In 2008, Hepworth and her staff received the highest honor, four stars, from the agency, a rating they missed this year by a small, two-point margin.

Hepworth said the slight dip in the score was due to a change in the program, with the Early Childhood Center's centralized preschool system redistributed to local elementary schools.

Some staff members who had been part of the 2008 Qualistar rating were not part of the evaluation, which took place solely within the center's classrooms at the school district's administration building at 775 Yampa Ave. Other classrooms were ineligible because they had been established for less than a year.

"This is a first baseline for the Early Childhood Center, as it is almost like opening a new program with new teachers," Hepworth said.

She said the performance by the staff, 60 percent of who are new to the program, was "phenomenal."
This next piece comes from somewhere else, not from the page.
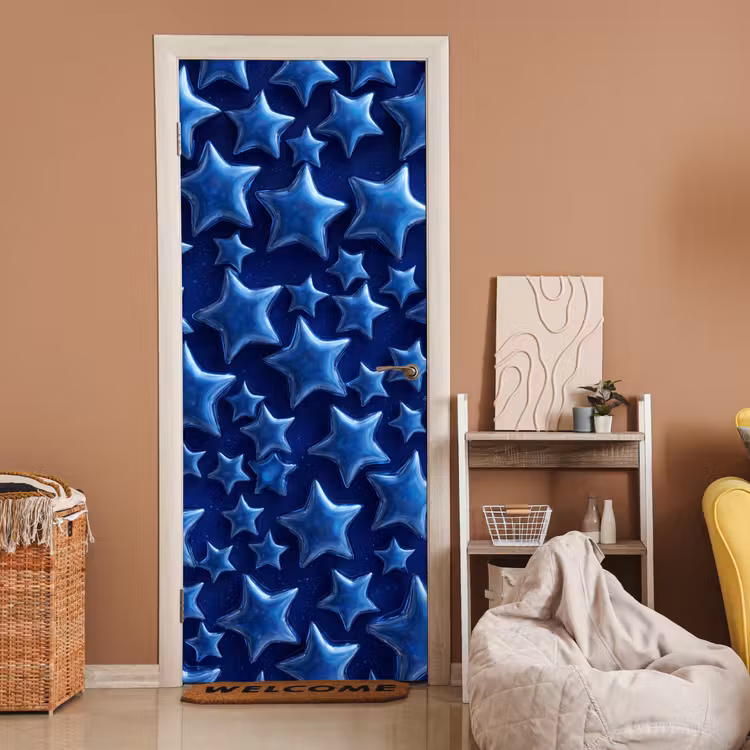 Deursticker - Blauwe sterren patroon — 2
"This says that our staff worked really hard to maintain high quality in a year of incredible transition," she said.

The evaluation, financed by a grant from the group, Connections 4 Kids, cost about $2,000 per classroom. Programs are rated in five categories: learning environment, family partnerships, training and education, adult-to-child ratios and group sizes, and accreditation.

The process takes between four to five months and involves observing staff and students, verifying teachers' credentials and surveying random parents.

Hepworth said the "team effort" of staff, children and parents led to the successful evaluation.

"This past year, we were blessed to have partnered with many families experiencing great stress in their lives from the recent challenges of the economy," she said. "I'm confident that through the multiple supports of our program to both preschoolers and parents, that we were able to provide at least one stable variable in the lives of those young children — a consistent, safe, positive learning environment, where preschoolers could find success and parents could focus on a positive element in their life."

Hepworth will be taking on a new position starting in August. Named the new principal of East Elementary School, she will be passing the role of center director to Carol Taylor, who has been involved with the program for 15 years.

"She will be an excellent leader who is very passionate about leading the group," Hepworth said. "Teachers already trust and know her, so the program will continue to move forward in its quest to maintain excellence."

Hepworth said she looks forward to working with preschool children as an elementary principal, although she will miss her current co-workers.

"Regardless of any ratings, his staff is one of the best group of individuals I have ever worked with," she said. "They have overcome incredible challenges, have maintained their passion for early learning, and have incredible dedication to young children experiencing challenges.

"This group of women has incredible endurance and perseverance to continue to become teachers of excellence. And that is what they have become."